→ WHAT IS NEEDED
For the material below, the expected output is exactly the lines between the line holding "Veículo com pintura" and the line holding "Voci, note e", inclusive, with pictures left out.

→ INPUT
+ + + +
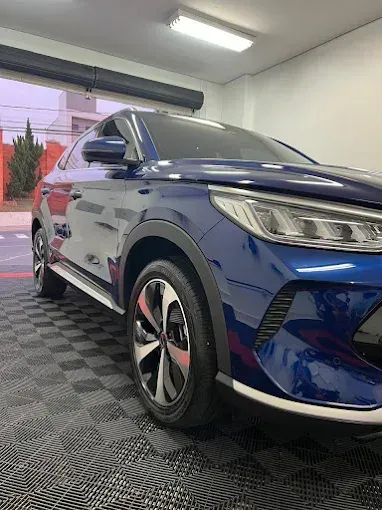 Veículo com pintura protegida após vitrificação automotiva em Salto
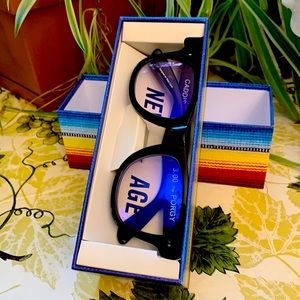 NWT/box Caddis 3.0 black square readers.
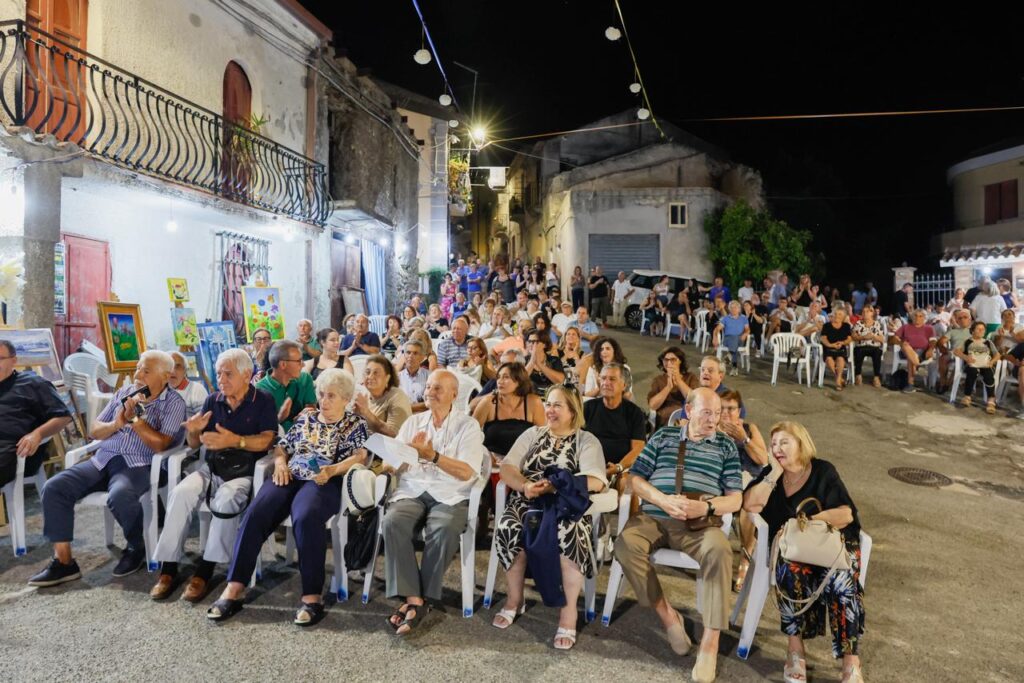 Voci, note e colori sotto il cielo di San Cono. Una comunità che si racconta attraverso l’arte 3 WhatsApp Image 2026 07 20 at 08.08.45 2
+ + + +
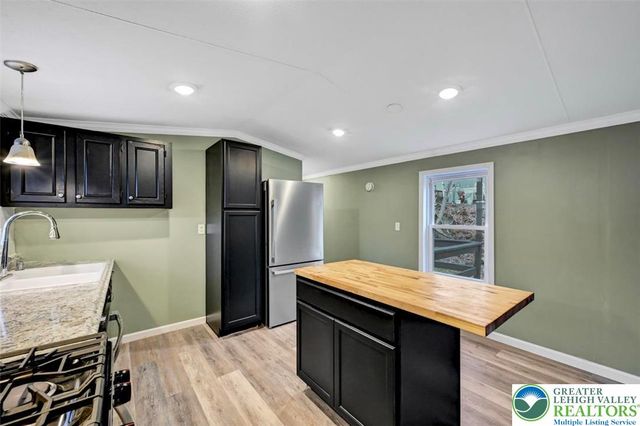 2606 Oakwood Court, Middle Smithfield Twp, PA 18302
+ + + +
→ REPLY TO THE EXERCISE
 Veículo com pintura protegida após vitrificação automotiva em Salto
 NWT/box Caddis 3.0 black square readers.
 Voci, note e colori sotto il cielo di San Cono. Una comunità che si racconta attraverso l’arte 3 WhatsApp Image 2026 07 20 at 08.08.45 2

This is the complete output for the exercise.